Compared to its Western allies, the U.S. occupies a solitary position on this list. It outranks Poland by 25 spots in terms of impunity, while Canada, Japan, Germany, France, Britain and Australia all rank more accountable by 30 to 50 spots.
It seems the club of democracies that America assembled and sustained for all those decades now has a growing hole in its center: the U.S. itself. But it would be a mistake to assume the rest of the West is immune.
For Washington, this is not a momentary drift. It is a fundamental breach.
The U.S. is currently the only wealthy democracy in the index that is moving up the list in terms of impunity. The damage is concentrated in the country’s governance and economy, and the underlying numbers are striking: The score for freedom from political killings got three times worse in a single year, while that of impartial public administration fell sharply.

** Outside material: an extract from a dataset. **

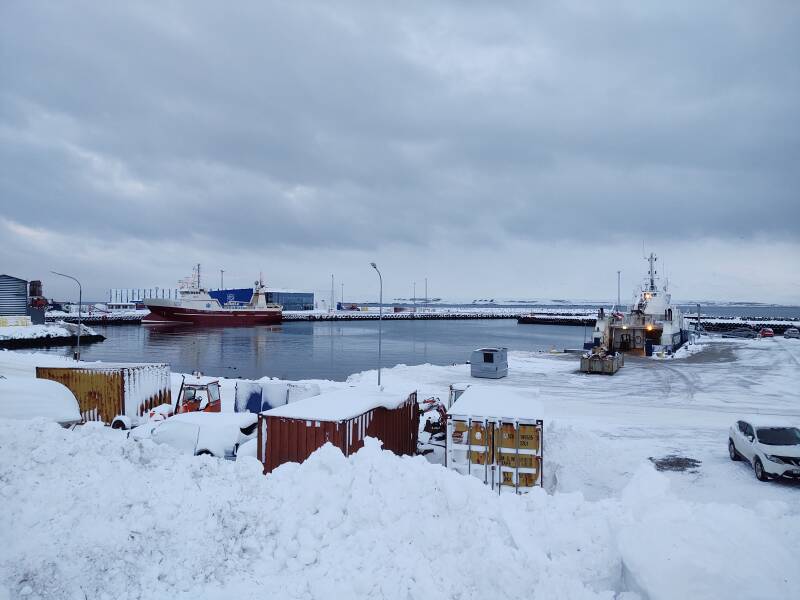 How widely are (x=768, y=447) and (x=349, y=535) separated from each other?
39.5 feet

These indicators don’t suggest a gentle slope of decline. They represent cliffs. And it is the disparity in accountability between the U.S. and its Western allies — as well as the speed of this shift — that lies at the foundation of the current transatlantic crisis.

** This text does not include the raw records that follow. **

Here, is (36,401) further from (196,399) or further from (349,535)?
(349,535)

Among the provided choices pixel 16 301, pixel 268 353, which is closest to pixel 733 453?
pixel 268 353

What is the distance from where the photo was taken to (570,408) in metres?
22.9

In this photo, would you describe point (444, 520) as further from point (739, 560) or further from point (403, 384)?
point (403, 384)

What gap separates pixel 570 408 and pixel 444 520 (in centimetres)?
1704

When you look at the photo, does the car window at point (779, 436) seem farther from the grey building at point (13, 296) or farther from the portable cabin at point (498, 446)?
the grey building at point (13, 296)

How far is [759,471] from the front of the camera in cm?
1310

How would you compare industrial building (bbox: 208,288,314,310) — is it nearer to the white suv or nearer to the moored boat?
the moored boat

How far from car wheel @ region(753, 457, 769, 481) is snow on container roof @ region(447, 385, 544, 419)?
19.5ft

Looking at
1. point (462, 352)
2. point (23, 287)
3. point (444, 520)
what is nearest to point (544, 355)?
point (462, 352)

Just as concerning is the fact that the current administration in Washington does not seem to care. On the contrary, it defends its new direction as fundamental to its America First view. The 2025 National Security Strategy made this crystal clear, recasting allies as free riders and alliances as transactions conditioned on immediate U.S. interests. It cast a zero-sum view of geopolitics and the global economy, and advocated a might-makes-right perspective for global engagement.